• _EXERCISE AIM_: Exactly as written and without the pictures, output the entries below.

• _EXTRACTED MATERIAL_:
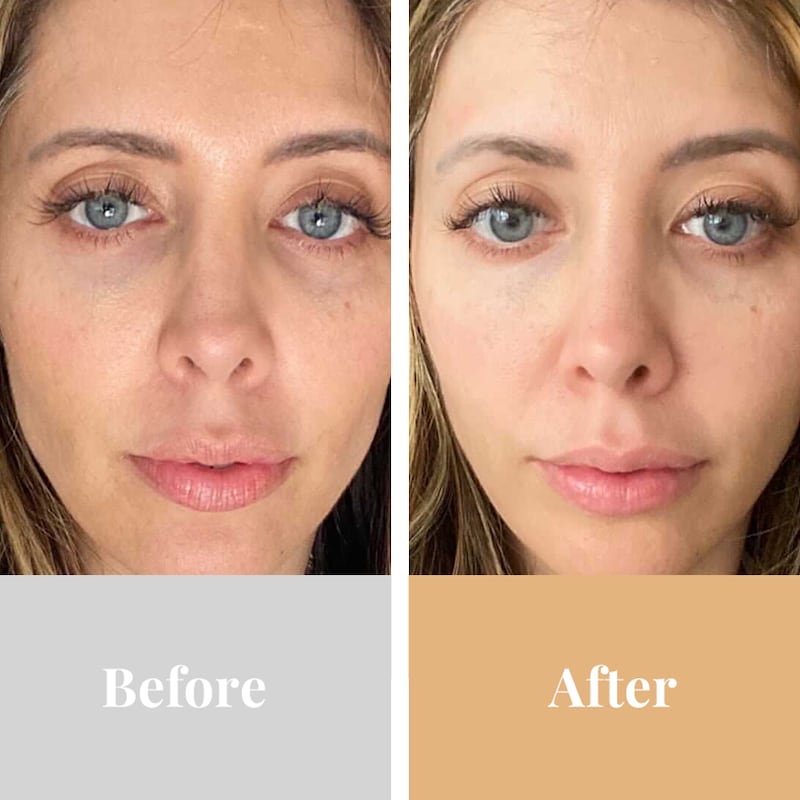 Omnilux contour before and after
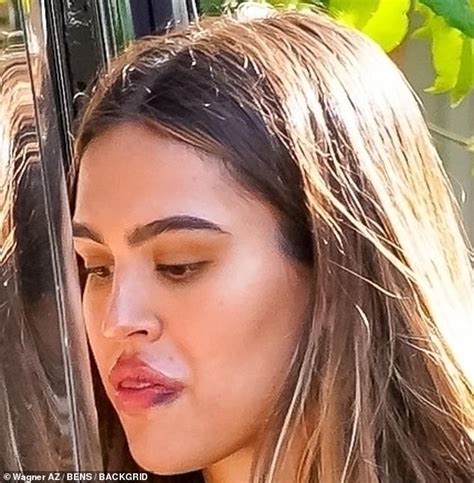 Amelia Hamlin Is Pictured With Bruising Around Her Puffed Up Pout With
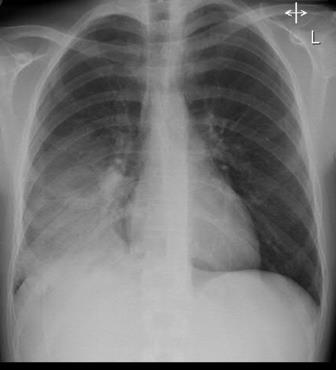 Pneumonia Lobar pneumonia Bronchopneumonia (Non lobar)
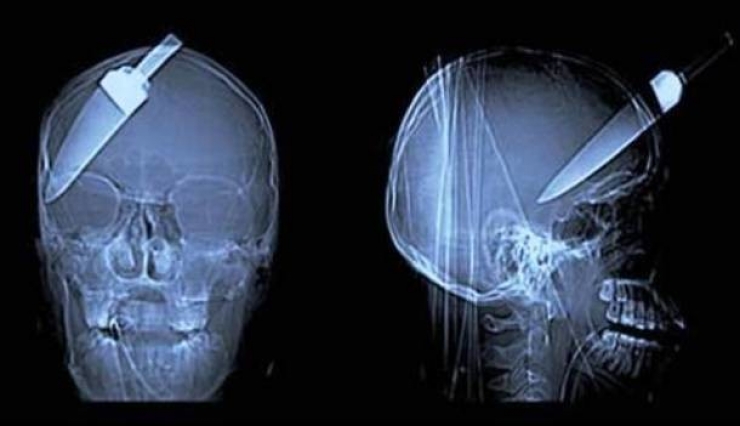 Illustration de l'article : Individuals who got unusual objects stuck in their bodies... 18 X-rays you won’t believe!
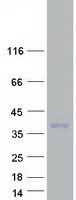 Coomassie blue staining of purified TARM1 protein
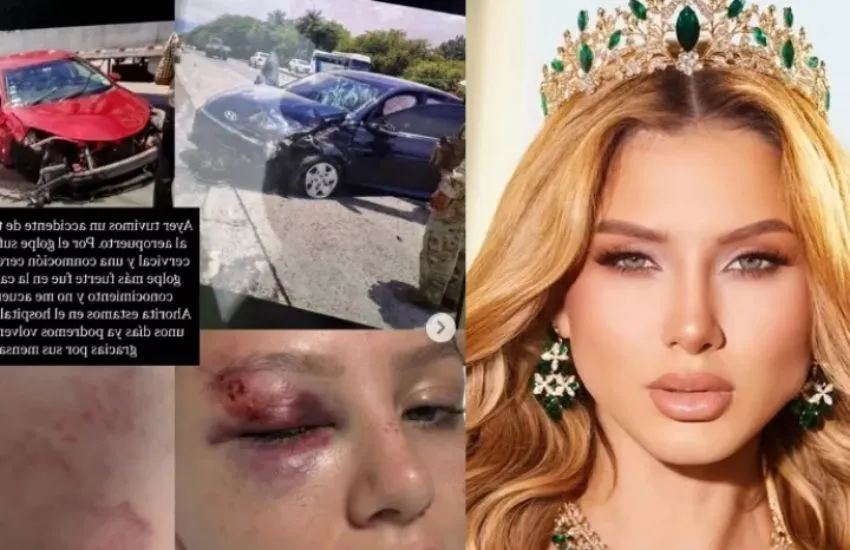 miss costa rica Miss Costa Rica 2025, hospitalizada tras accidente en Panamá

• _TASK RESULT_:
 Omnilux contour before and after
 Amelia Hamlin Is Pictured With Bruising Around Her Puffed Up Pout With
 Pneumonia Lobar pneumonia Bronchopneumonia (Non lobar)
 Illustration de l'article : Individuals who got unusual objects stuck in their bodies... 18 X-rays you won’t believe!
 Coomassie blue staining of purified TARM1 protein
 miss costa rica Miss Costa Rica 2025, hospitalizada tras accidente en Panamá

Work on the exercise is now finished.